Given the nature of the telecom industry, I can understand being a bit pessimistic, but I see this as a positive. Over the past ten years, my wife and I have had subsidized phones for exactly two years. The rest of the time we either were using the phones that we had, or we bought unlocked phones because we weren't satisfied with the features on the phones available from AT&T. So, effectively, we've paid for ten phones, but only received two. If we assume that the cost is about $20 per month per line, then the eight years that we've been out of contract with AT&T has represented paying them $3840 more than their services actually cost. That's a chunk of change. So, as I said, I'm optimistic about this, at least for now...
Why would T-Mobile discount plans by the same amount that you finance the phone for? From a business standpoint, that makes no sense. Just using nice, round numbers, you have this:
$200 subsidized phone + $100 a month service bill. The carrier is initially -$450 if they paid $650 for the phone. If $20 of your service bill was used to pay off that loss, the $450 is recouped once you pay the 23rd month of your contract. All in all, in 24 months, they collect $2600 from you. Subtract the $650 and they are left with a net $1950.
Now let's say you finance the phone for $25 a month for 20 months. Your plan is now down to $80 a month, but you add $25 for the financing = $105 a month. $25 * 20 months is $500. So, you'll need a $150 down payment for a $650 phone (Essentially you're paying a subsidized price and paying via financing to make up the cost). In 20 months, T-Mobile has collected $2250 from you. For comparison's sake, let's say you stay on for 4 more months with your newly discounted $80 plan. In 24 months, T-Mobile has collected $2570. Minus the $650 they paid for the phone initially, they are left with a net $1920 over 2 years. That's a 1.5% profit loss for T-Mobile.

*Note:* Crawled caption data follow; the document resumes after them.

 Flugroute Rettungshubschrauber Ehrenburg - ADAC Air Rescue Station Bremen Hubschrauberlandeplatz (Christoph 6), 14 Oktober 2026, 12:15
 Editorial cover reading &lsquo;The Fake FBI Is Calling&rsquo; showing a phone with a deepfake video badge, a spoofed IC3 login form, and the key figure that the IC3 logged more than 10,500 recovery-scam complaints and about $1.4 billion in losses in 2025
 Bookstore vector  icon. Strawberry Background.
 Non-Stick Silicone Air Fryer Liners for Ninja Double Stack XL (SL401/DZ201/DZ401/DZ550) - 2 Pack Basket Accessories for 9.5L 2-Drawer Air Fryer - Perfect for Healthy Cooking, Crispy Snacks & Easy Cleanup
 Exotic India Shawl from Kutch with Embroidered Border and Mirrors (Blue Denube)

I used an iPhone as an example because this is MacRumors and all.
As I said, the sole benefit would be not being tied to a contract if you pay 100% upfront. I guess being stuck in a 20-month financing contract is better than 24 months. Ultimately, even though the plan is discounted, you'll be paying the same once the financing is added in, which makes me question, 'What's the point'?
People who upgrade every 20-24 months would see their bill remain the same or increase by a few dollars depending on their down payment and type of phone as they'd probably upgrade as soon as possible. Carriers would see their profits remain the same or actually decrease a little.

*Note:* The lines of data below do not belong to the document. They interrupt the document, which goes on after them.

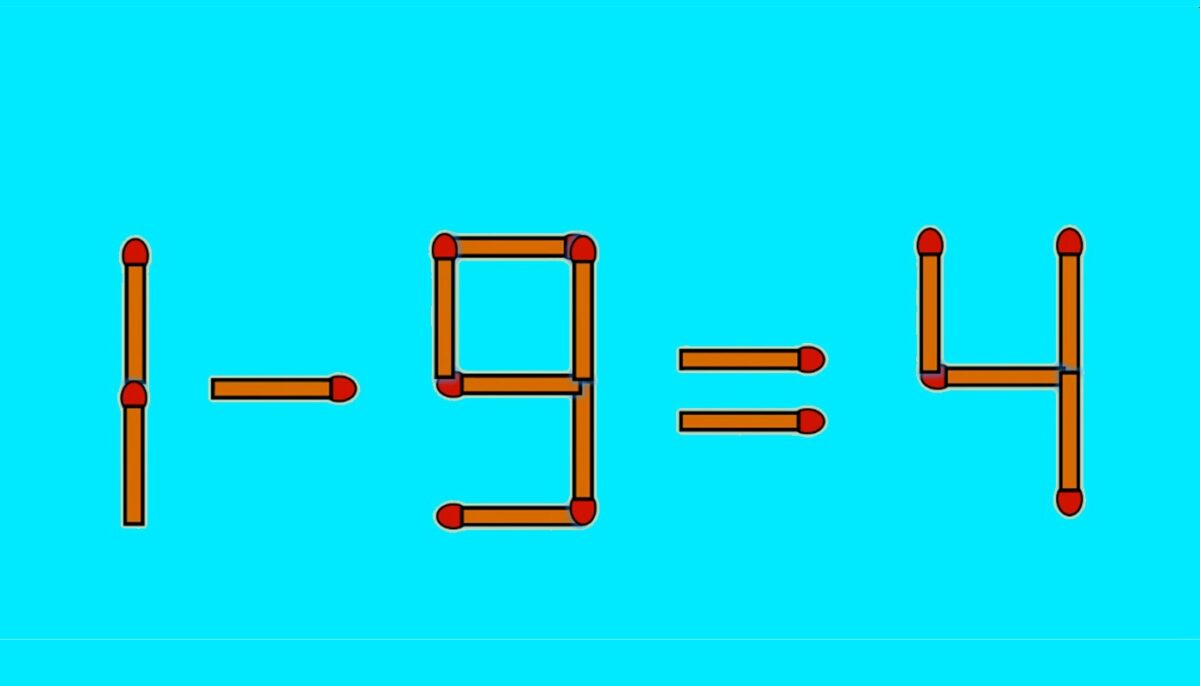 Test IQ exclusiv pentru genii | Corectați 1 – 9 = 4, mutând un singur chibrit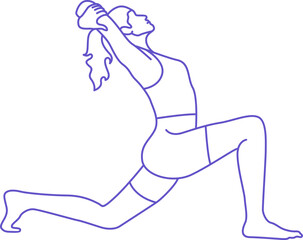 Yoga Poses Line Art Style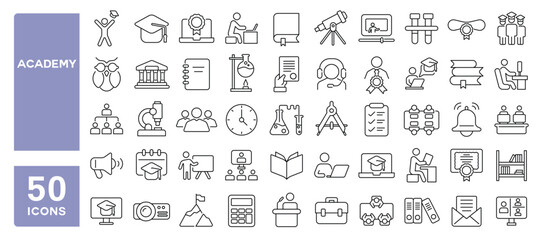 Set of 50 line icons related to academy, online, course, education, training, uni, diploma, academic, Editable stroke. Vector illustration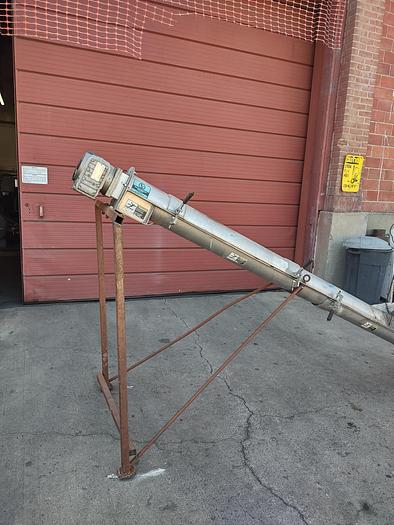 Used Conveyor, Screw, 6" x 9', Stainless Steel, 1 HP, Incline - #5991118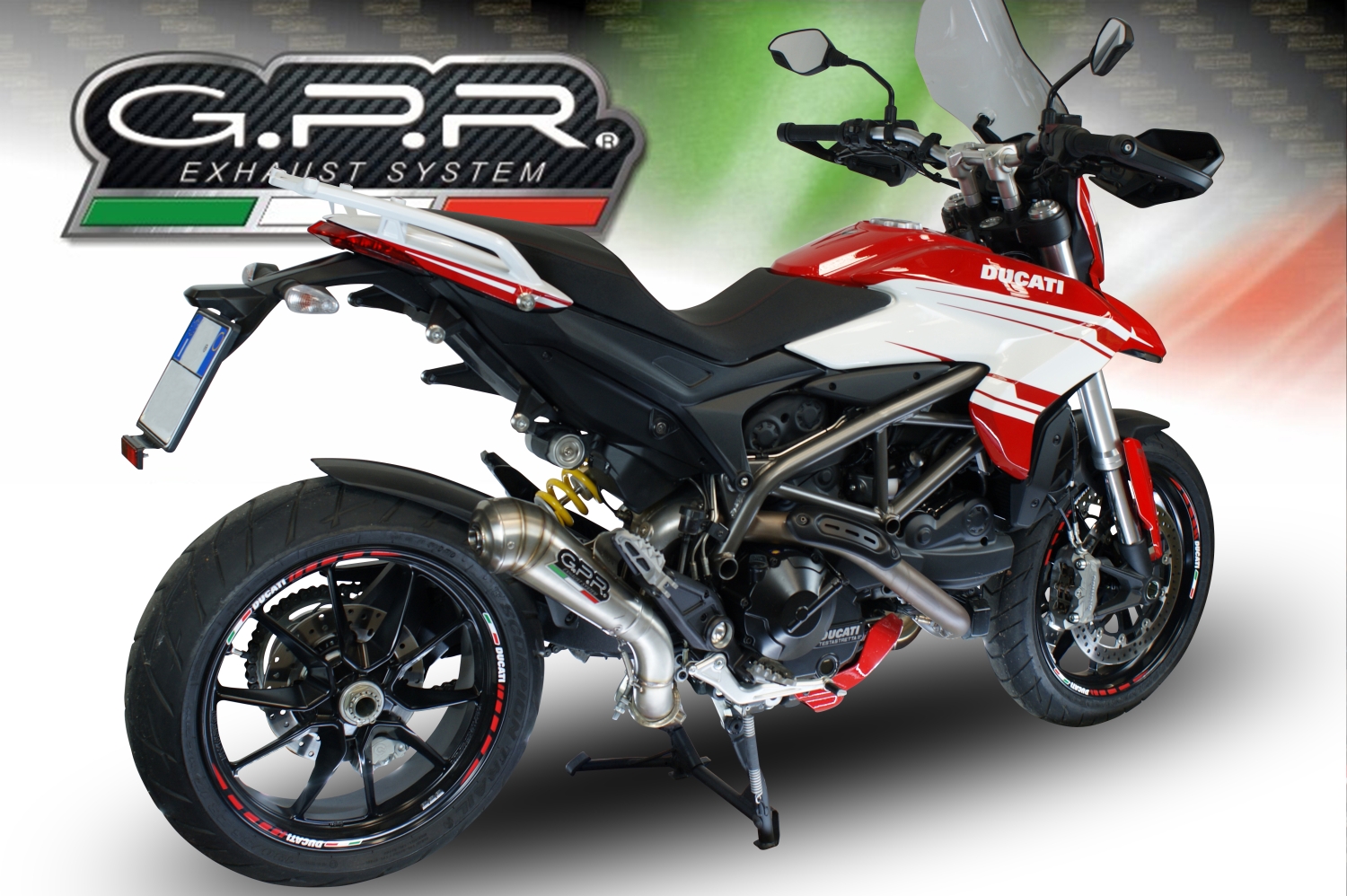 GPR auspuff kompatibel mit  Ducati Hyperstrada -Hypermotard 939 EURO 4  2016-2019, Powercone Evo, Zugelassener legaler Slip-On-Auspuff mit Abe, einschließlich abnehmbarem DB-Killer,katakysator und Verbindungsrohr 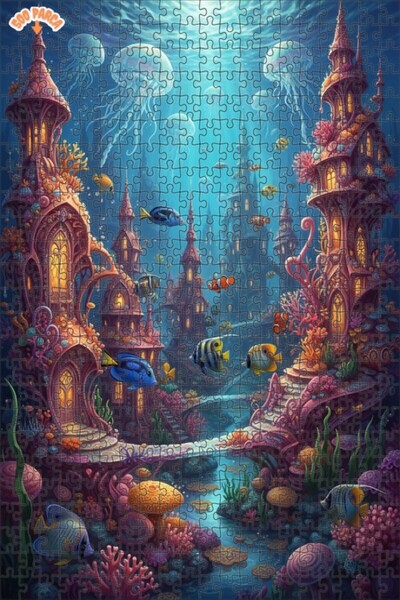 Teona Ahşap لغز خشبي بإطار ذو طابقين بمظهر لوحة زيتية لمدينة تحت البحرية الرا...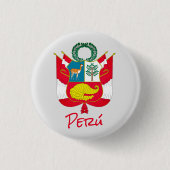 Peru-wapenschild Ronde Button 3,2 Cm (Voorkant)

The only way this makes business sense is for plans to stay right where they are with financing additional. Otherwise, it's like paying with $100 bill or 5 $20 bills. The end result is essentially the same.
If AT&T and VW follow these footsteps, they are not going to take a hit on their profits. T-Mobile's plan is great if you like their service and don't mind a few (temporary?) sacrifices and don't upgrade every few years.